EXERCISE
Could you write out the listing below exactly as it stands, leaving out the pictures?

INPUT DATA
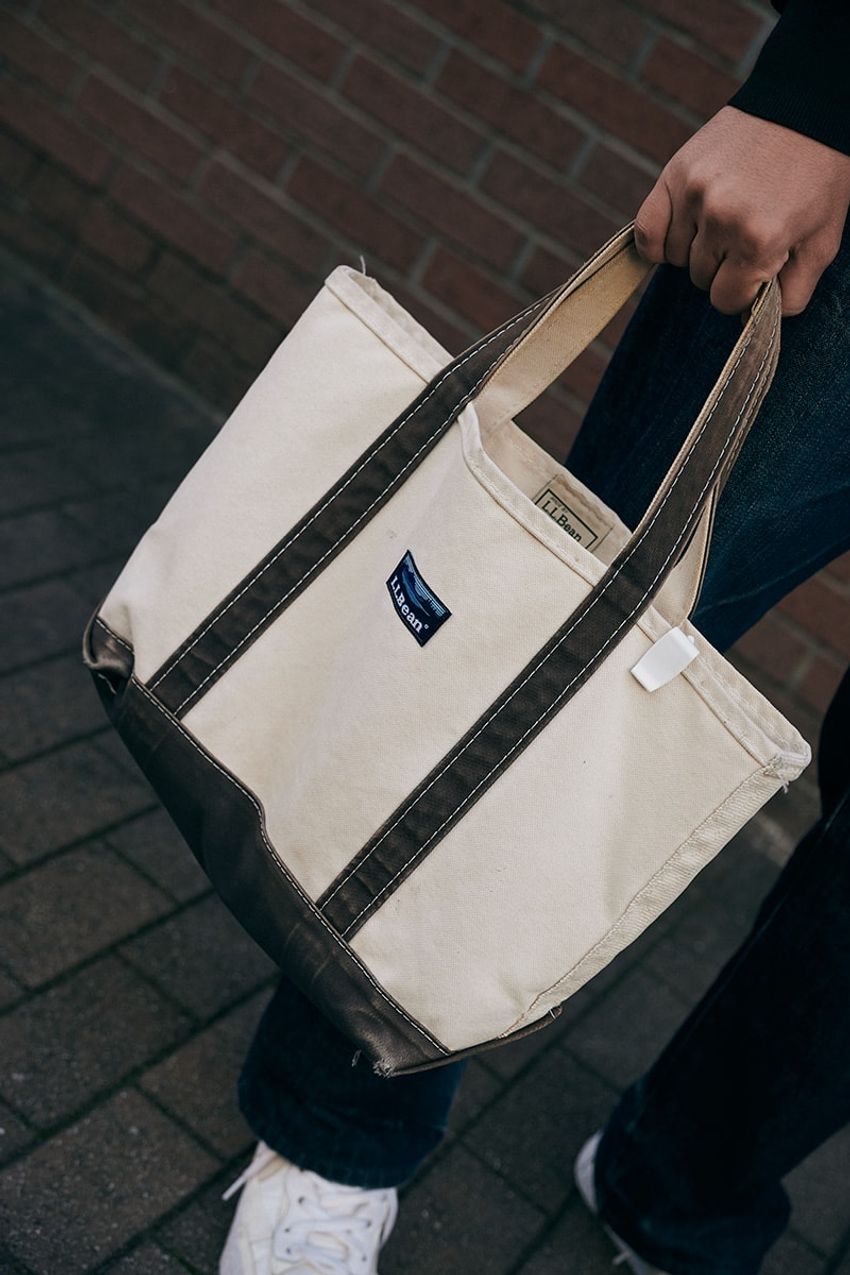 春も“黒カーディガン”があればいい！ 1枚羽織るだけで落ち着きを手に入れた3名 - 5枚目の画像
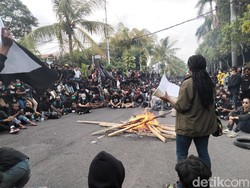 Massa Aksi Tolak Omnibus Law di Bali Bakar Kayu di Tengah Jalan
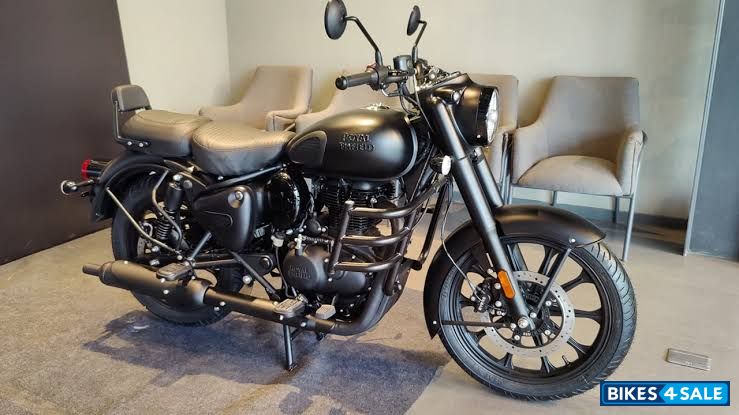 Royal Enfield Classic Stealth Black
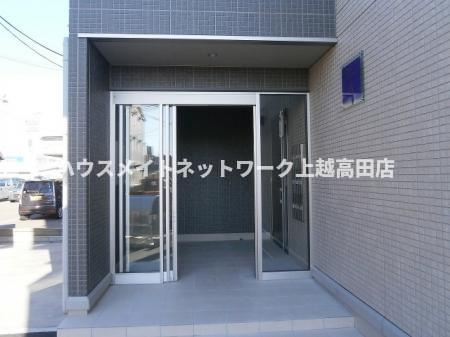 グランシャリオ Ａ棟のエントランス|エントランス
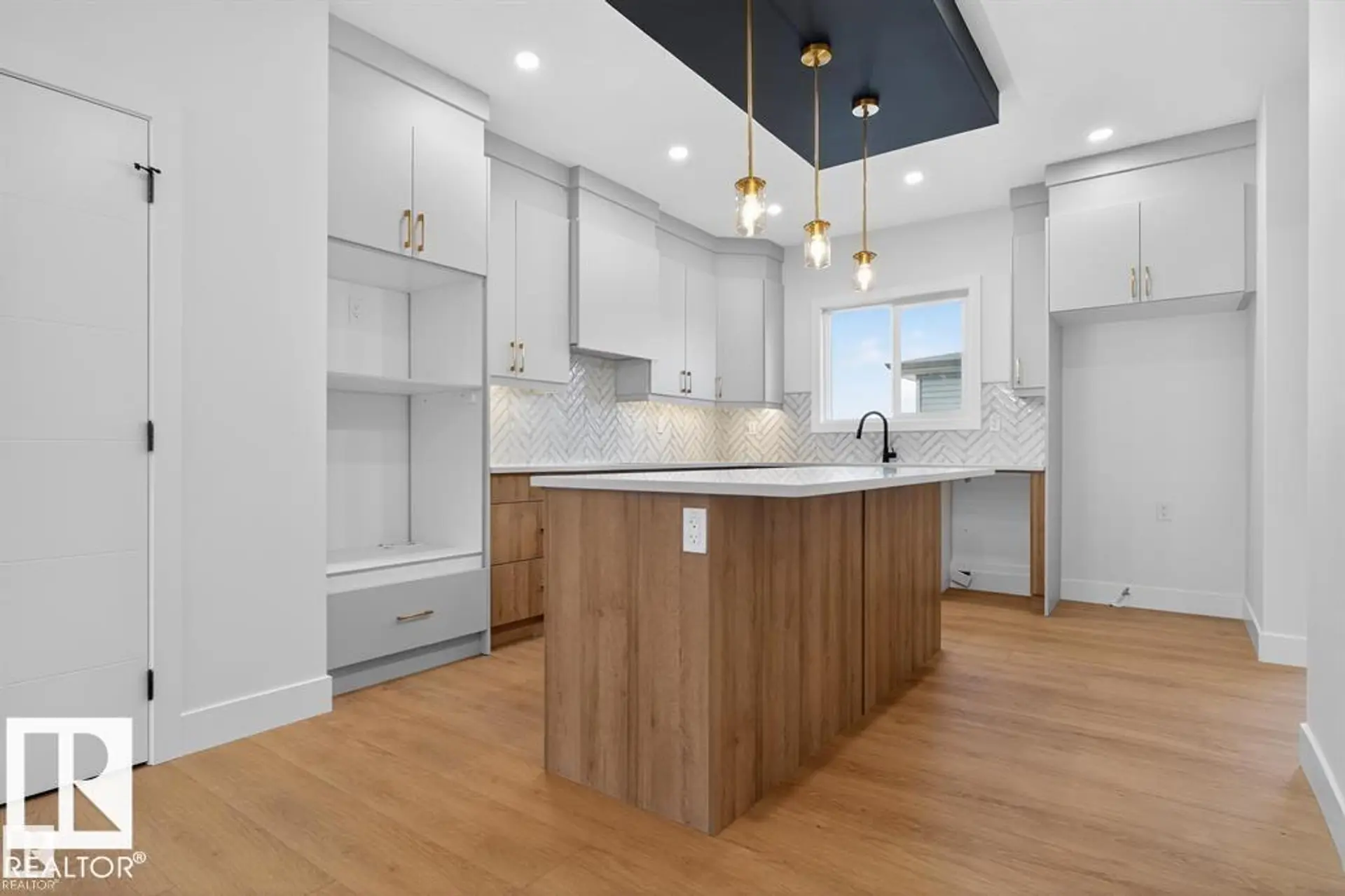 55 ROSA CR - Image 3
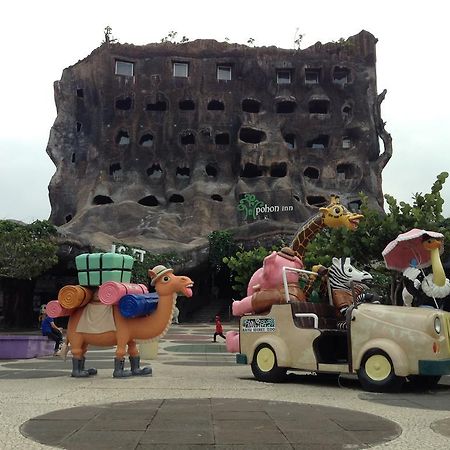 Pohon Inn Hotel 玛琅 外观 照片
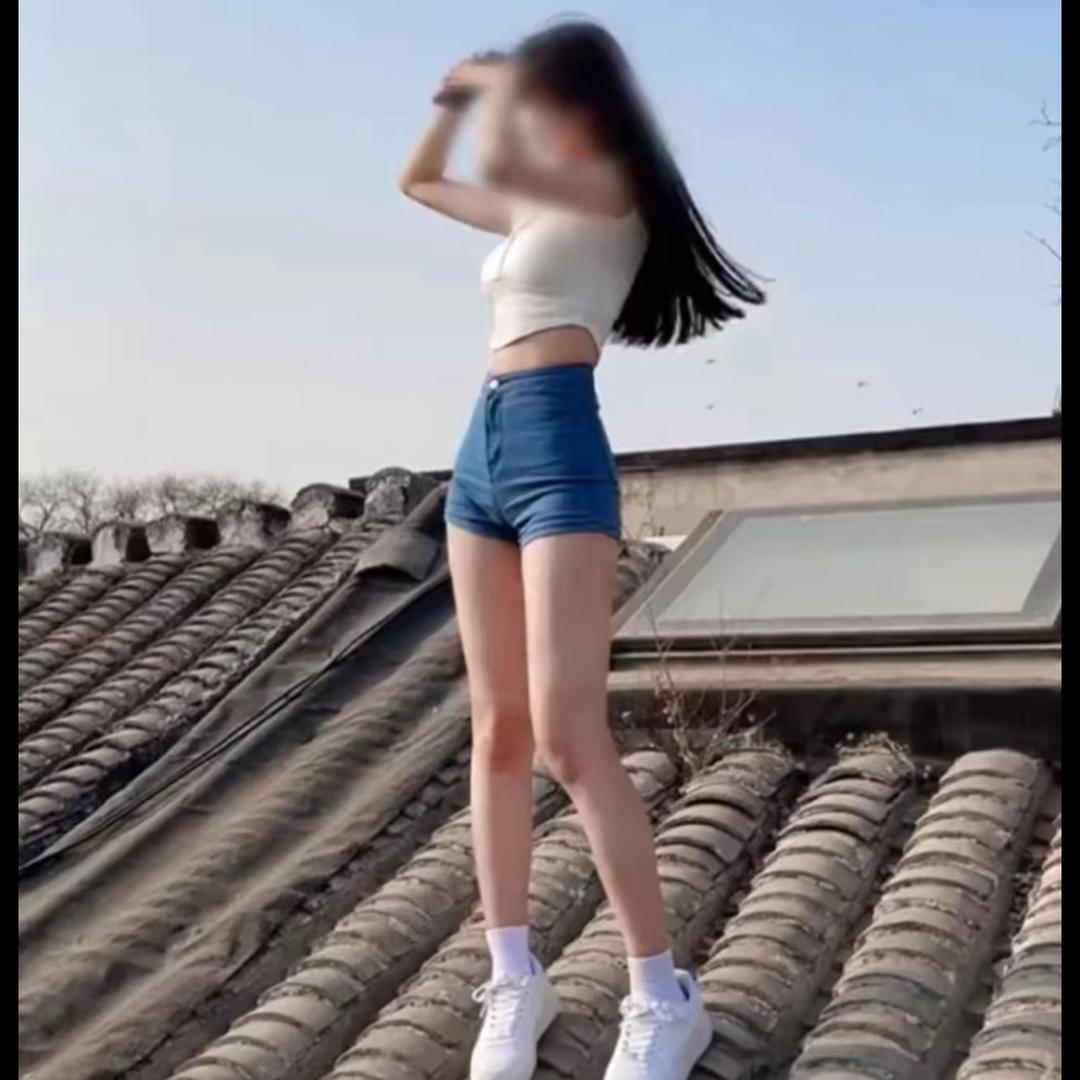 贵州布依妹子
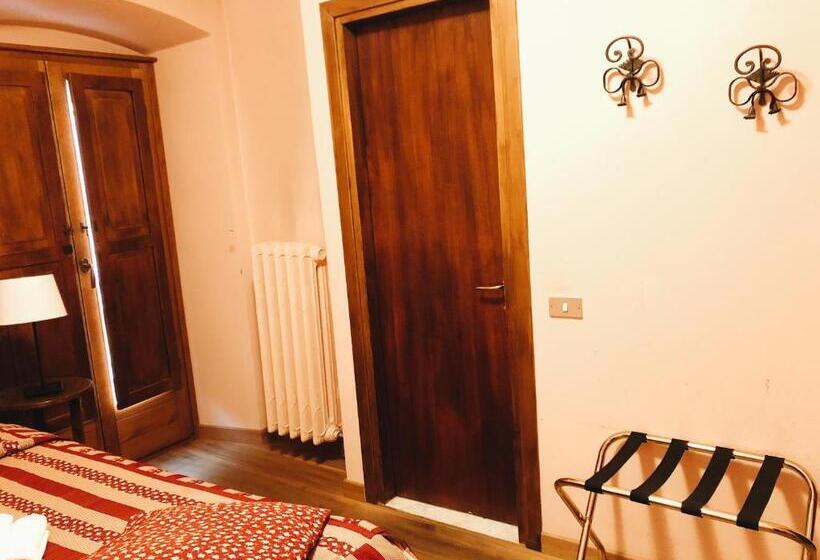 Quarto Estandar Individual, Locanda Piemonte Da Sciolla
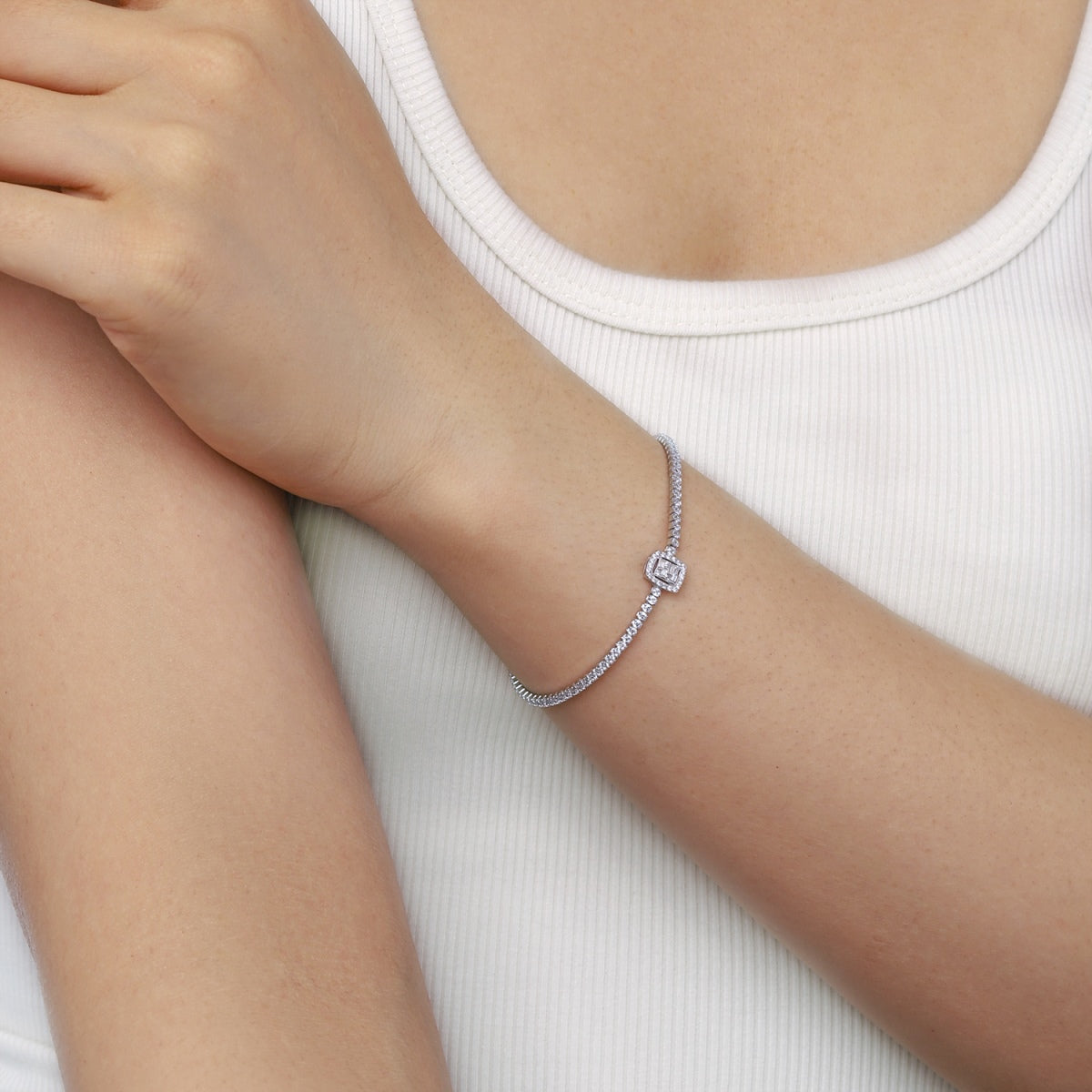 [Raffine] Lujosa pulsera de banquete con forma cuadrada deslumbrante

OUTPUT OF THE EXERCISE
 春も“黒カーディガン”があればいい！ 1枚羽織るだけで落ち着きを手に入れた3名 - 5枚目の画像
 Massa Aksi Tolak Omnibus Law di Bali Bakar Kayu di Tengah Jalan
 Royal Enfield Classic Stealth Black
 グランシャリオ Ａ棟のエントランス|エントランス
 55 ROSA CR - Image 3
 Pohon Inn Hotel 玛琅 外观 照片
 贵州布依妹子
 Quarto Estandar Individual, Locanda Piemonte Da Sciolla
 [Raffine] Lujosa pulsera de banquete con forma cuadrada deslumbrante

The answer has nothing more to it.